- Task prompt
Your copy of the data should match it exactly, except that the pictures are gone.

- Working data

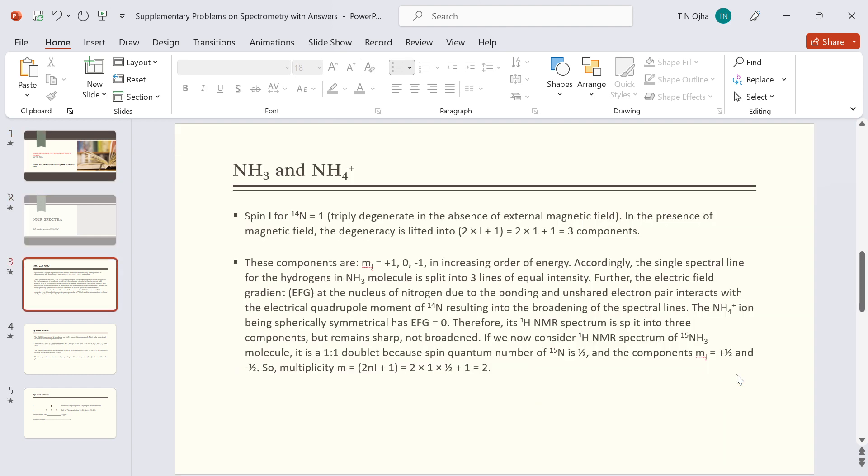As you know, the N14 nucleus has spin quantum number one, which is triply degenerate in the absence of external magnetic field. In the presence of magnetic field, the degeneracy is lifted into 2nI plus one states. This comes out to be three components. These components are designated mI equal to plus one, zero, and minus one in increasing order of energy.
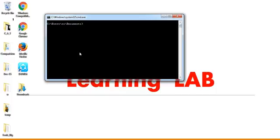Now I will be using dir /b greater than some name test.txt. This is called redirection. Dir /b is a command which will give me the name of files.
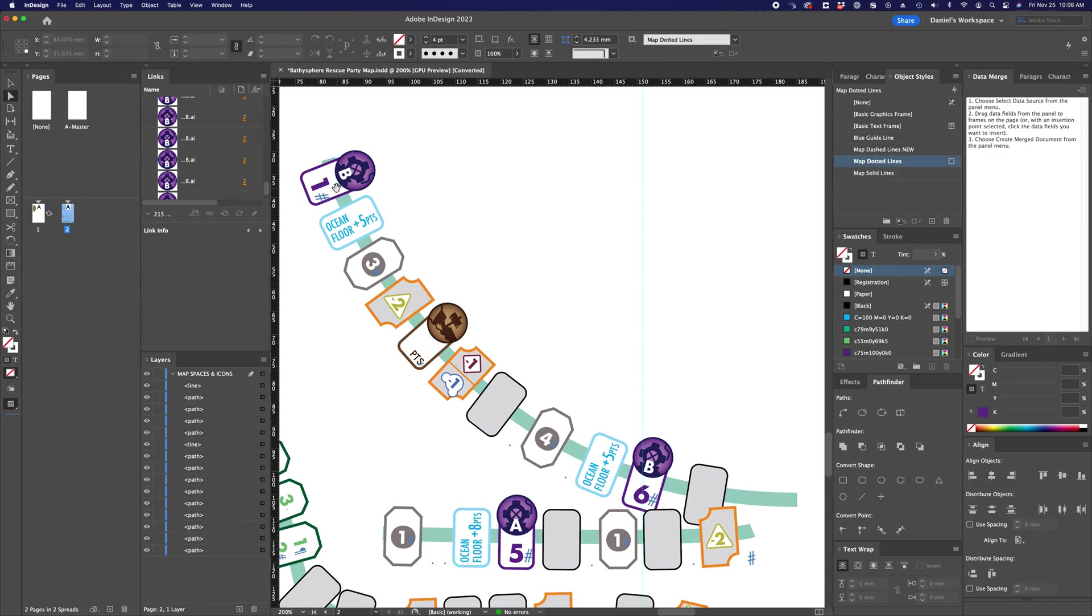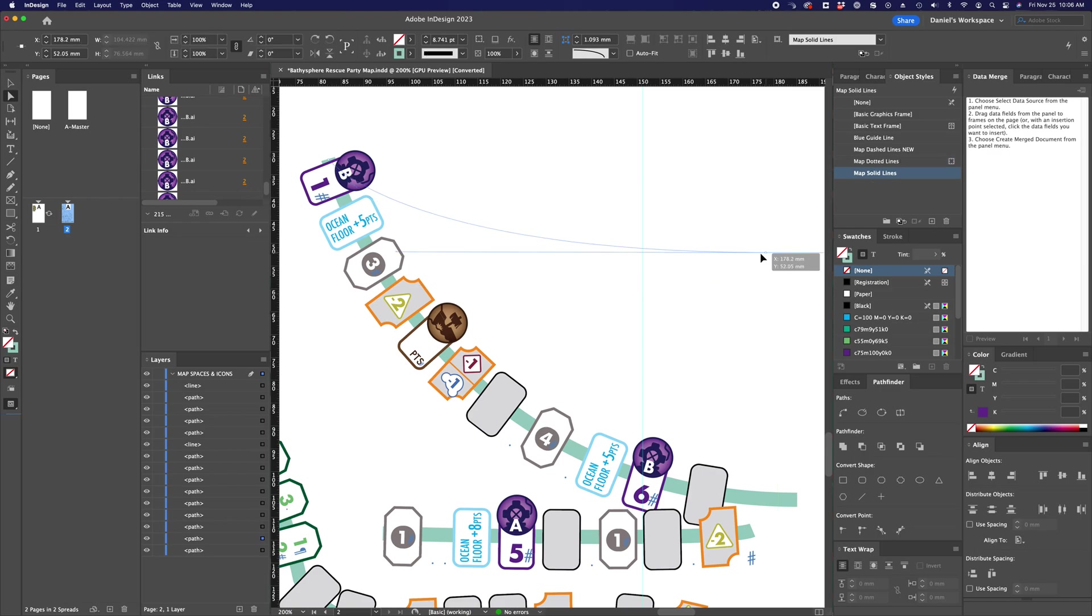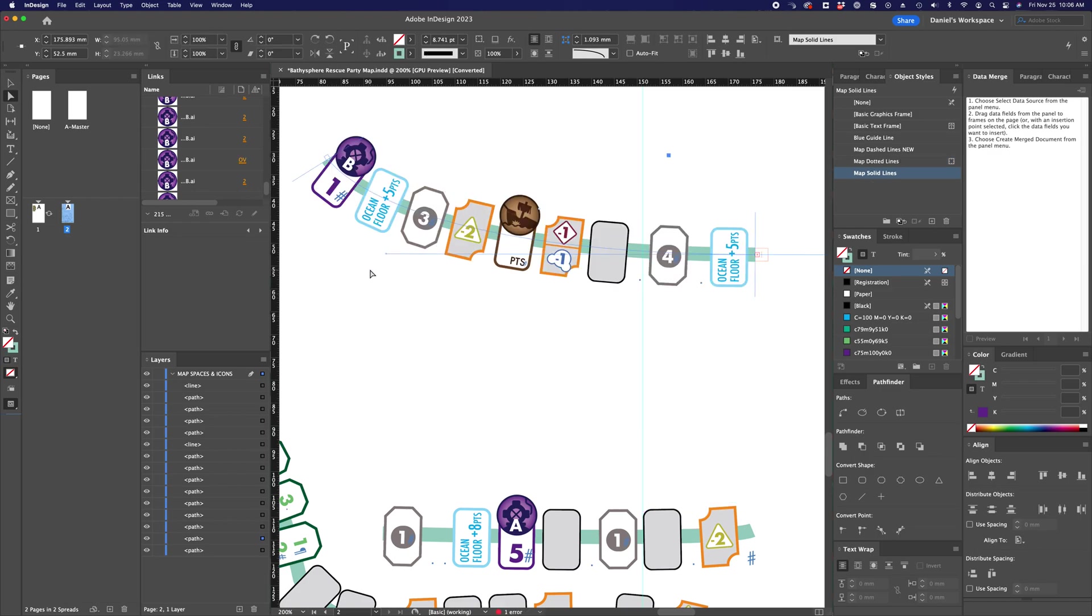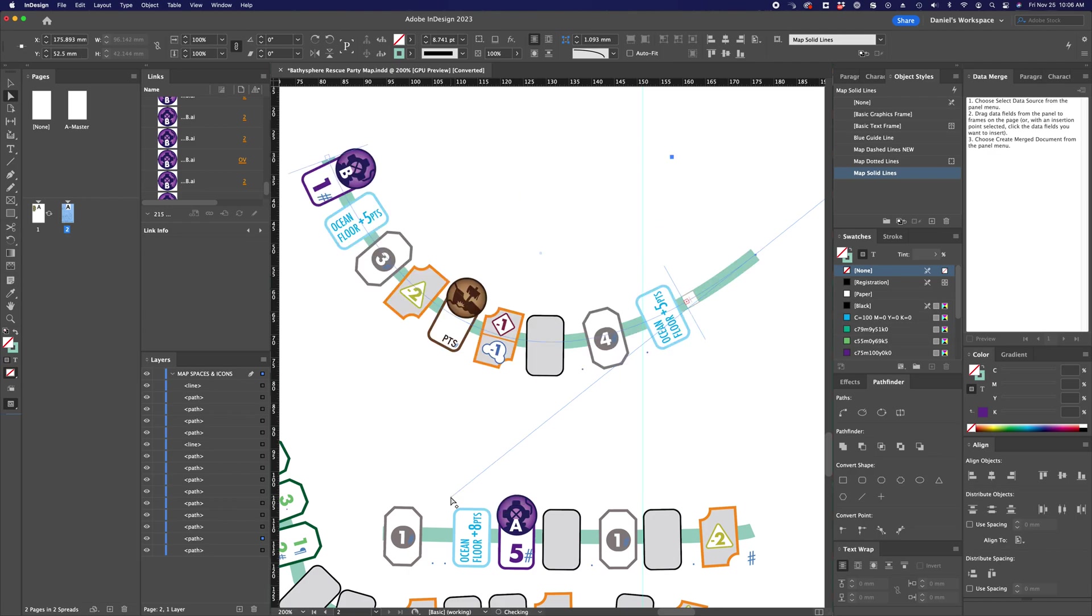But in the end, I think this still saves some time, because otherwise I'd be having to individually move and rotate every one of these spaces. But now I can just arbitrarily move the path as I wish, and then all of these spaces will just follow that curve.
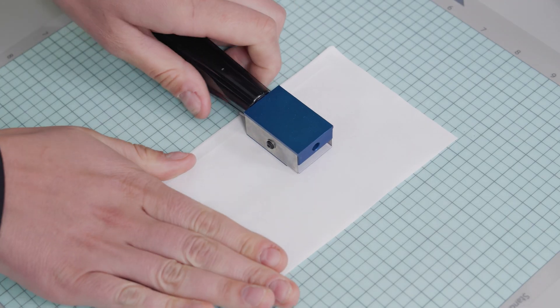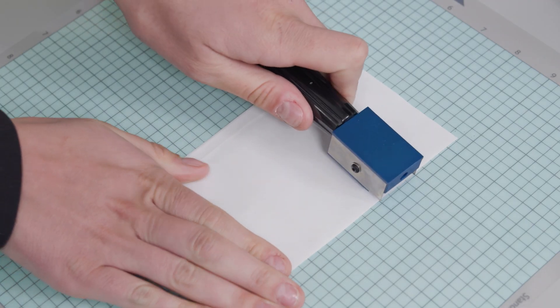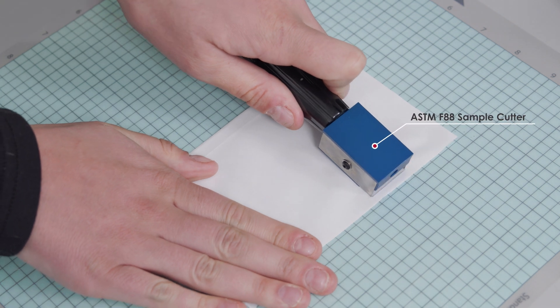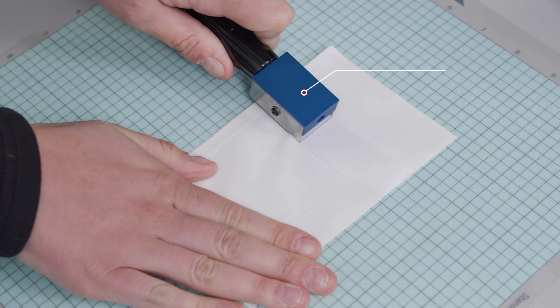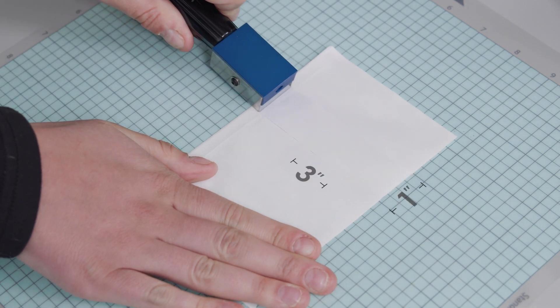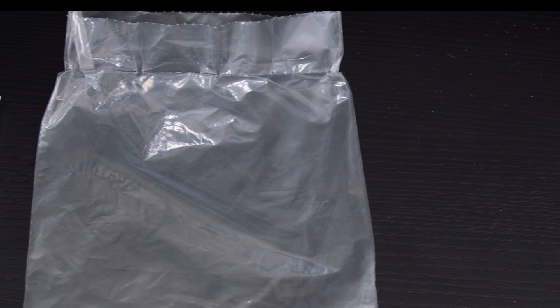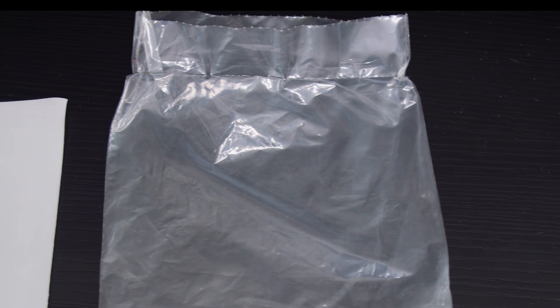When preparing specimens, raw materials should be cut with an ASTM F88 sample cutter with dimensions of 1 by 3 inches. Finished packages must be tested while empty.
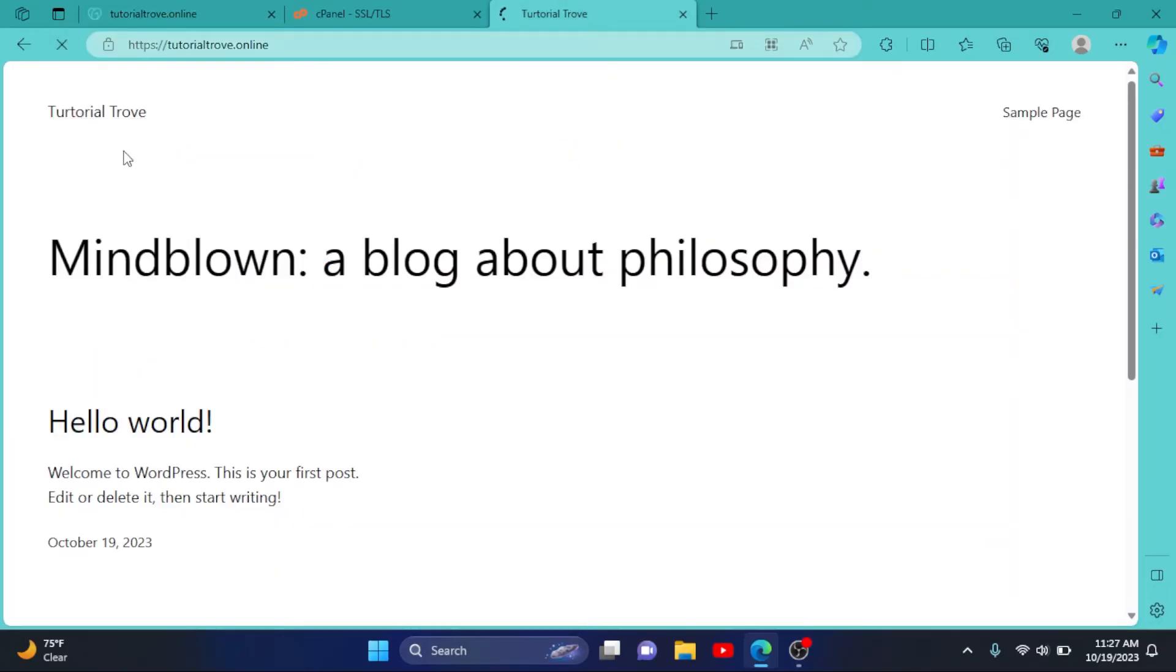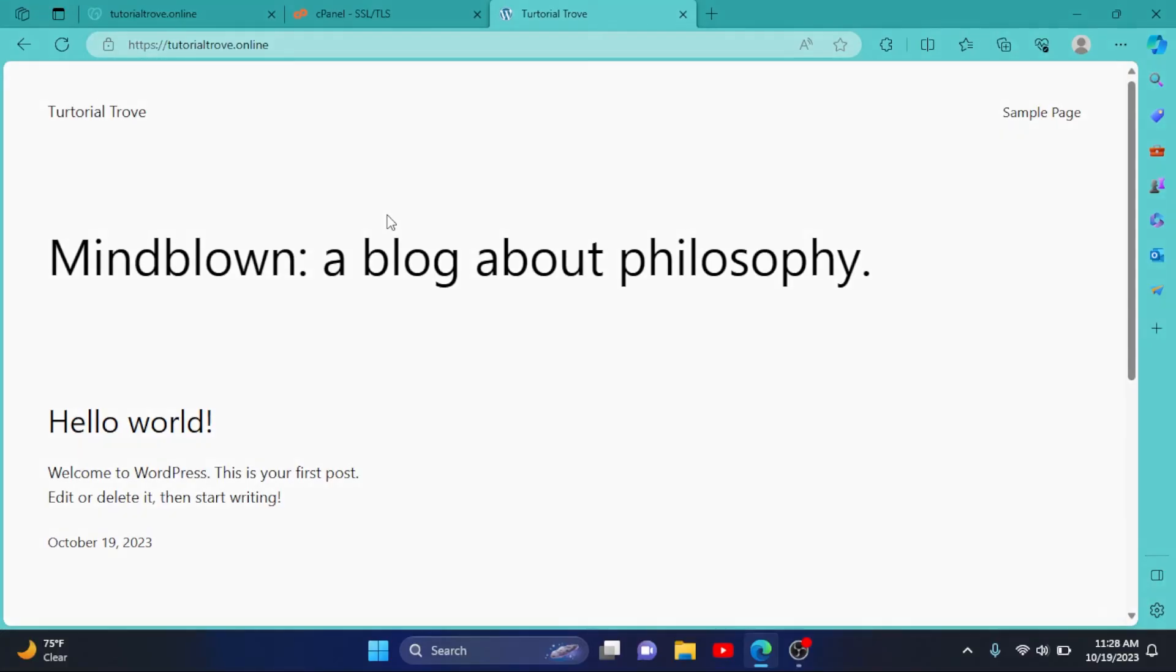So I hope this video was helpful for you. If it was helpful, please like our video and subscribe to our YouTube channel Savi Professor. Thank you so much for watching and I'll see you in the next one.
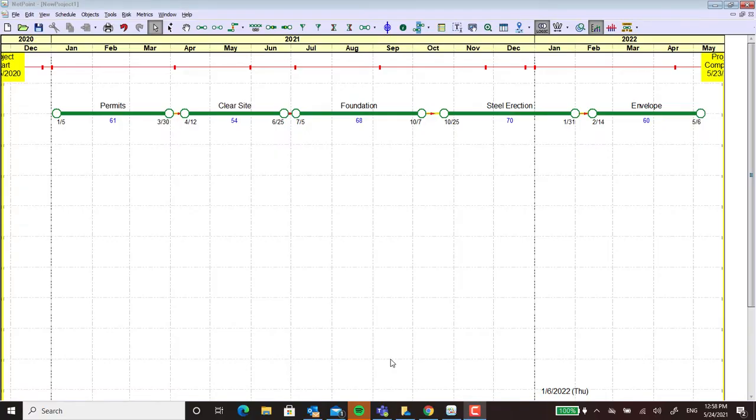Hi, today we're going to talk a little bit about using NetPoint to create swim lanes within your data.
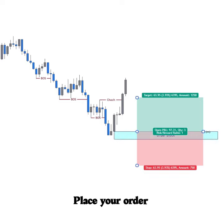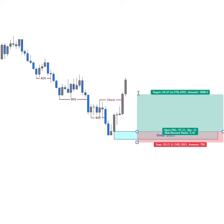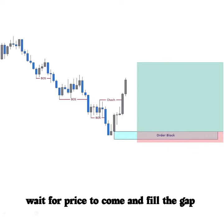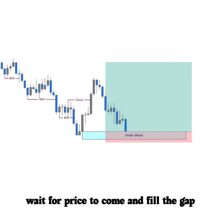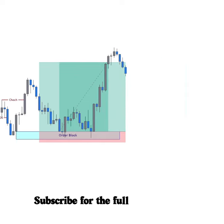Place your order a spread size above the order block and wait for price to come and fill the gap. Subscribe for full trading setup.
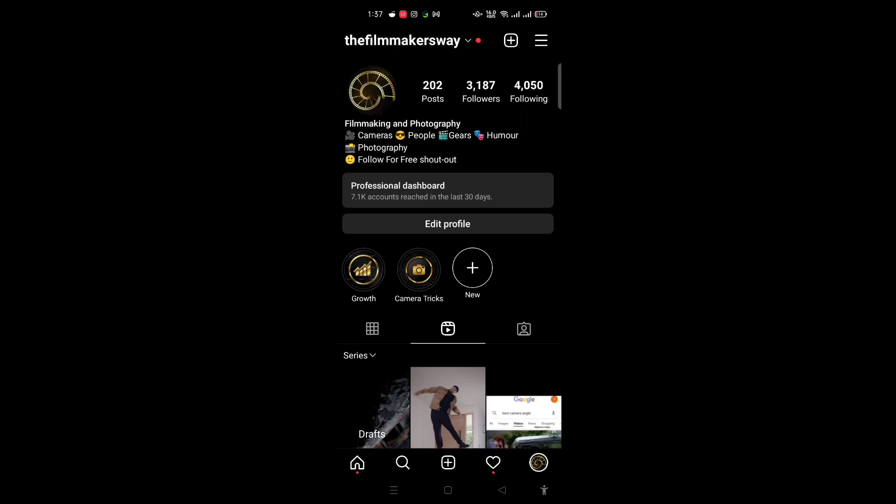video I'm going to show you how you can do it really easily without using any app, because when you use an app Instagram will ban you or log you out, or you'll have to change your password because it's against Instagram's rules and regulations. I'm going to quickly show you how, but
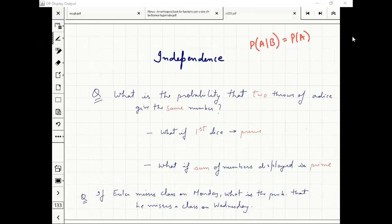If the two throws of a die give the same number, can the sum be prime? Only if both show 1: sum is 2, which is prime. So once I tell you the sum of numbers displayed is prime, the two throws will almost certainly not give the same number. These events are clearly dependent on each other, not independent. Similarly, if you miss a class today, there's a related probability you'll miss tomorrow — probably you are sick.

- Exercise response
As you know, the N14 nucleus has spin quantum number one, which is triply degenerate in the absence of external magnetic field. In the presence of magnetic field, the degeneracy is lifted into 2nI plus one states. This comes out to be three components. These components are designated mI equal to plus one, zero, and minus one in increasing order of energy.
Now I will be using dir /b greater than some name test.txt. This is called redirection. Dir /b is a command which will give me the name of files.
But in the end, I think this still saves some time, because otherwise I'd be having to individually move and rotate every one of these spaces. But now I can just arbitrarily move the path as I wish, and then all of these spaces will just follow that curve.
When preparing specimens, raw materials should be cut with an ASTM F88 sample cutter with dimensions of 1 by 3 inches. Finished packages must be tested while empty.
So I hope this video was helpful for you. If it was helpful, please like our video and subscribe to our YouTube channel Savi Professor. Thank you so much for watching and I'll see you in the next one.
Hi, today we're going to talk a little bit about using NetPoint to create swim lanes within your data.
Place your order a spread size above the order block and wait for price to come and fill the gap. Subscribe for full trading setup.
video I'm going to show you how you can do it really easily without using any app, because when you use an app Instagram will ban you or log you out, or you'll have to change your password because it's against Instagram's rules and regulations. I'm going to quickly show you how, but
If the two throws of a die give the same number, can the sum be prime? Only if both show 1: sum is 2, which is prime. So once I tell you the sum of numbers displayed is prime, the two throws will almost certainly not give the same number. These events are clearly dependent on each other, not independent. Similarly, if you miss a class today, there's a related probability you'll miss tomorrow — probably you are sick.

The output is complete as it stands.